Sunday, August 24, 2014
Freeloading DUmmie Goes BERSERK When Dad Shreds Video Games
I absolutely can't get enough of watching this VIDEO over and over and over again. I mean try watching it just once. It's impossible because you have to watch it many times over just to convince yourself that you saw what you just saw. And it is absolutely HILARIOUS. Perhaps the FUnniest video I've seen in a long time.
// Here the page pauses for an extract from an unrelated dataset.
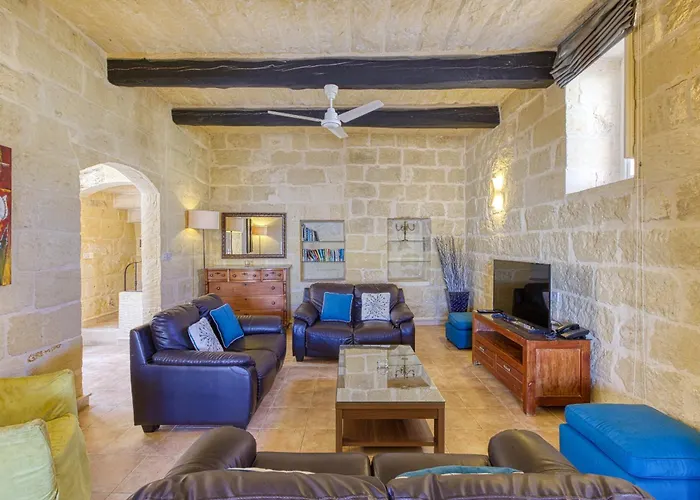 Villa Girardu Victoria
Okay, why do I claim that this guy is a DUmmie? Well, he definitely has the DUmmie mindset. The sense of freeloading entitlement that so many DUmmies have. Just living in Mommy's basement or, in this case, Daddy's bedroom. Okay, enough of my analysis. I don't want to keep you from doing what you really want to do now, namely watch the video again. Oh, and don't forget to share with friends. Break out the popcorn and refreshments as this "man" screams in agony over the tragic loss of his games.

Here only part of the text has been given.